Quantitative & AI Engineering Leadership

Figure from: Machine Learning Algorithms for Financial Asset Price Forecasting, Philip Ndikum (2020).

MACHINE LEARNING ALGORITHMS FOR FINANCIAL ASSET PRICE FORECASTING, UNIVERSITY OF OXFORD, PHILIP NDIKUM (2020).

Date published: 31 March 2020. Author: Philip Ndikum, University of Oxford.

Abstract:

This research paper explores the performance of Machine Learning (ML) algorithms and techniques that can be used for financial asset price forecasting. The prediction and forecasting of asset prices and returns remains one of the most challenging and exciting problems for quantitative finance and practitioners alike. The massive increase in data generated and captured in recent years presents an opportunity to leverage Machine Learning algorithms. This study directly compares and contrasts state-of-the-art implementations of modern Machine Learning algorithms on high performance computing (HPC) infrastructures versus the traditional and highly popular Capital Asset Pricing Model (CAPM) on U.S equities data. The implemented Machine Learning models - trained on time series data for an entire stock universe (in addition to exogenous macroeconomic variables) significantly outperform the CAPM on out-of-sample (OOS) test data.

Executive Summary:

This study evaluates the effectiveness of Machine Learning (ML) algorithms for predicting financial asset prices, a core challenge in quantitative finance. Leveraging large-scale financial data and high-performance computing (HPC), the research contrasts state-of-the-art ML techniques against the traditional Capital Asset Pricing Model (CAPM) using U.S. equities data. Results demonstrate that ML models, trained on time-series data and macroeconomic variables, significantly outperform CAPM in out-of-sample (OOS) tests, showcasing their potential in financial forecasting.

Key Insights

In 2020, this paper explored the application of machine learning algorithms to the challenging task of financial asset price forecasting. This period marked a turning point for the finance industry, driven by rapid advancements in computational power and the increasing availability of high-quality, large-scale financial data. The study utilized high-performance computing infrastructures to implement cutting-edge machine learning techniques, including gradient boosting trees and neural networks, to analyze time-series data and macroeconomic variables. These approaches were shown to significantly outperform traditional methods such as the Capital Asset Pricing Model (CAPM) in predicting U.S. equity returns, emphasizing the potential of modern machine learning in financial econometrics.

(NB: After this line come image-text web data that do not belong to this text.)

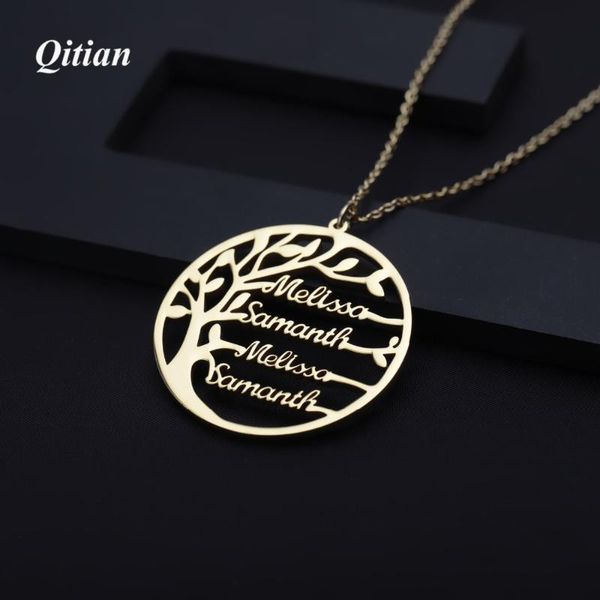 

statement family tree necklace for women customized name gold color stainless steel personalized jewelry men christmas gift, Silver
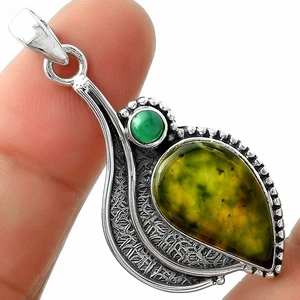 Natural Chrome Chalcedony & Green Onyx 925 Silver Pendant Jewelry P-1467 - Picture 1 of 5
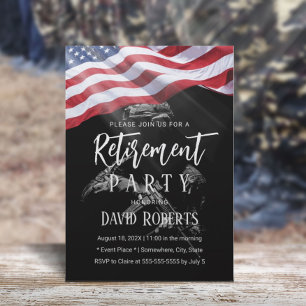 Patriotic Military Veteran USA Army Retirement Invitation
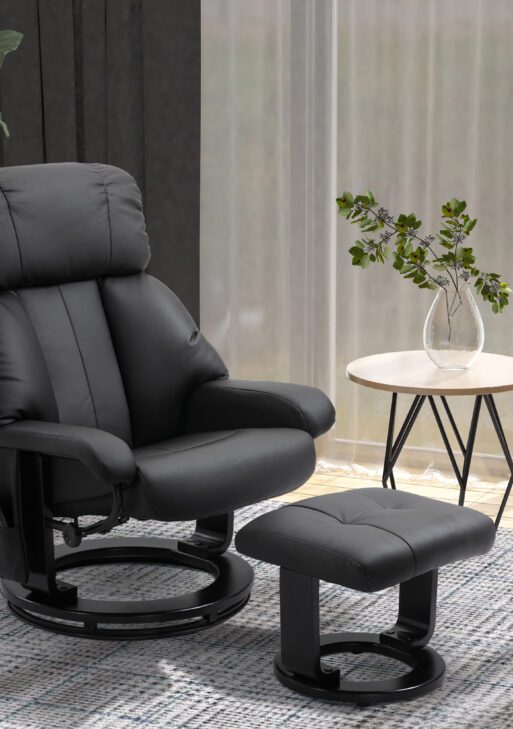 Massage Recliner Chair with Ottoman, 360° Swivel Recliner and Footstool, 10 Point Vibration, PU Leather Reclining Chair with Side Pocket and Remote Control, Black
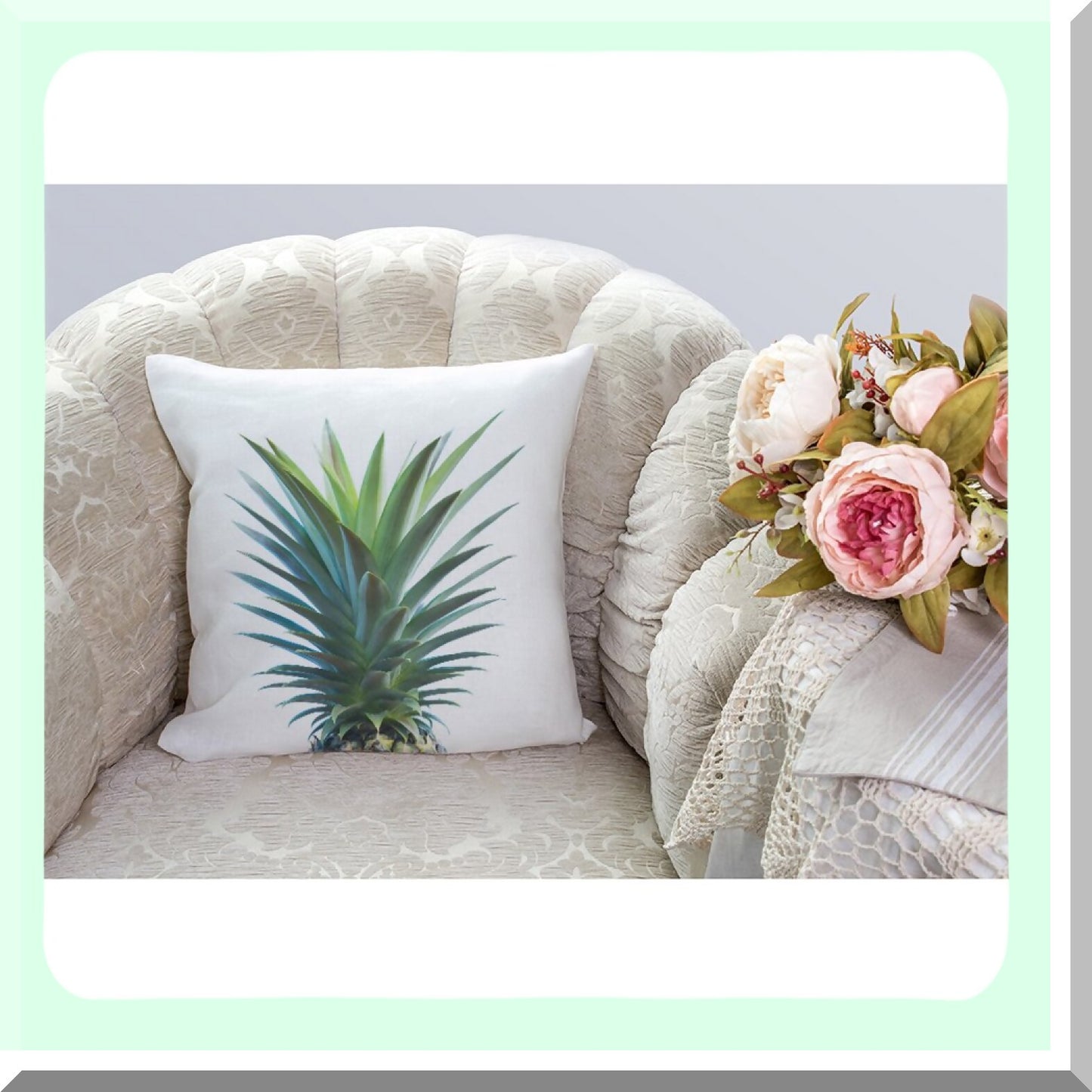 Pineapple Paradise Pillowcase - Tropical Decorative Throw Pillow Cover for Home Sofa Couch, Cotton Linen Square Cushion Case 18x18 inch Green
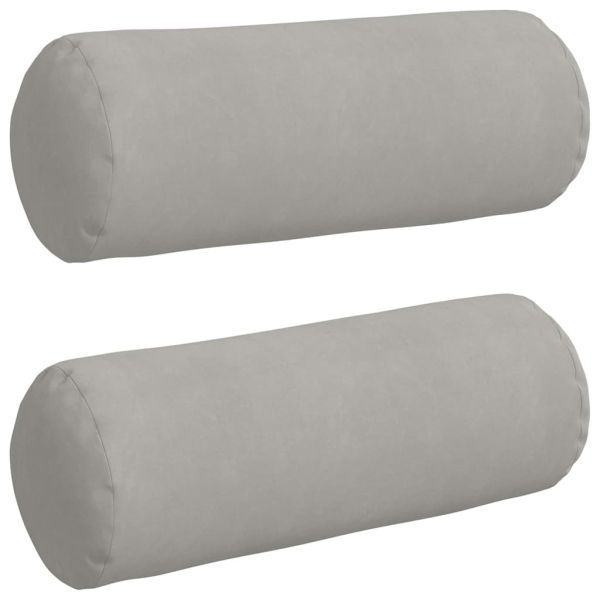 Възглавници валяци 2 pcs Светлосиво Ø 25 x 70 см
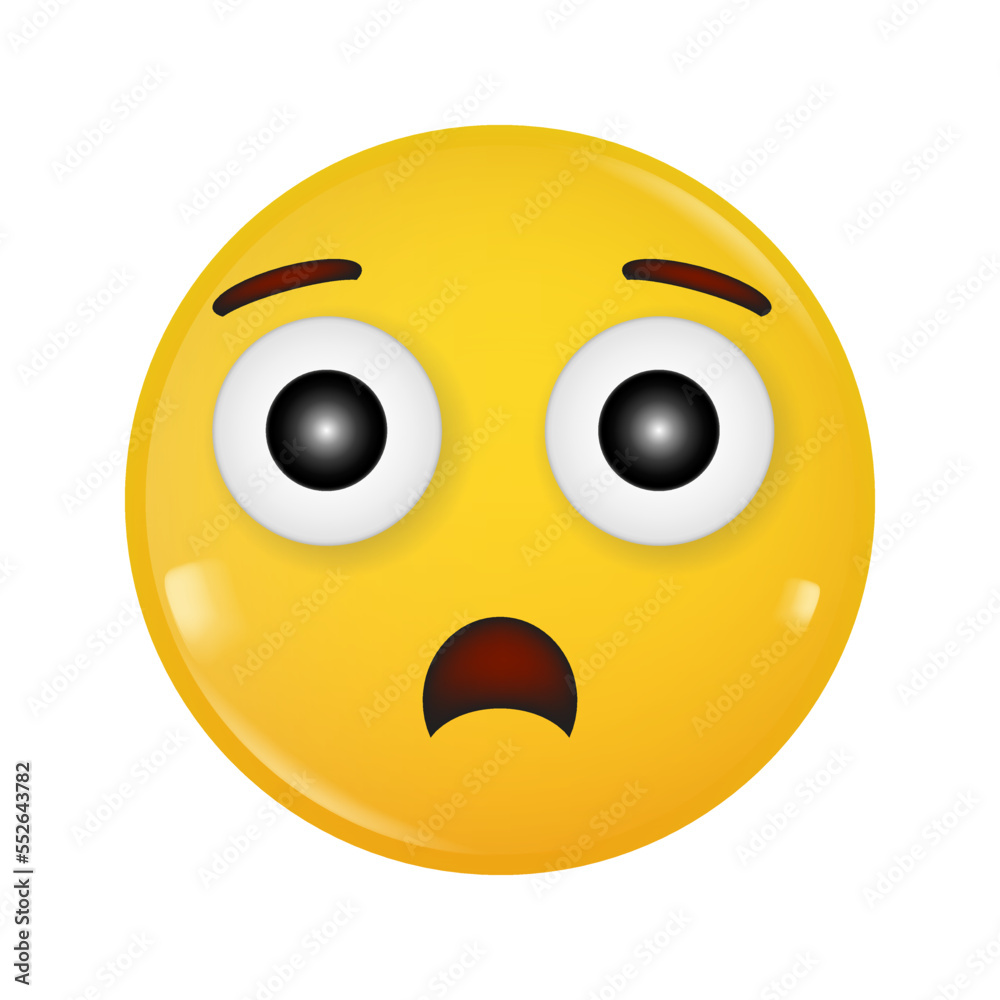 Yellow glossy 3d icon of a sad or surprised face. Glossy sticker. Smile. Emoji Yellow glossy 3d icon of a sad or surprised face. Glossy sticker. Smile. Emoji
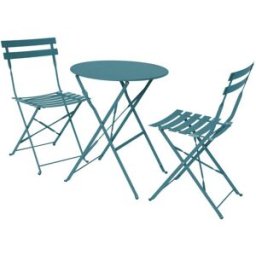 sweeek Mueble de jardín plegable azul pato redonda mesa 60cm con 2 sillas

Furthermore, the research highlighted the importance of transparency and interpretability in algorithmic models, particularly in light of emerging global regulatory frameworks such as GDPR and MiFID II. These frameworks underscored the need for financial models to be explainable and compliant, setting a benchmark for responsible innovation in quantitative finance. By integrating macroeconomic exogenous factors into machine learning models and addressing the complexities of high-dimensional datasets, this study laid the groundwork for the next generation of financial data science applications.

Cite: Ndikum, P., 2020. Machine learning algorithms for financial asset price forecasting. arXiv preprint arXiv:2004.01504.

Legal Notice: This content is provided for informational purposes only and does not constitute financial advice, investment advice, or legal counsel. All methodologies discussed are subject to applicable regulatory requirements, and their implementation should comply with local and international laws.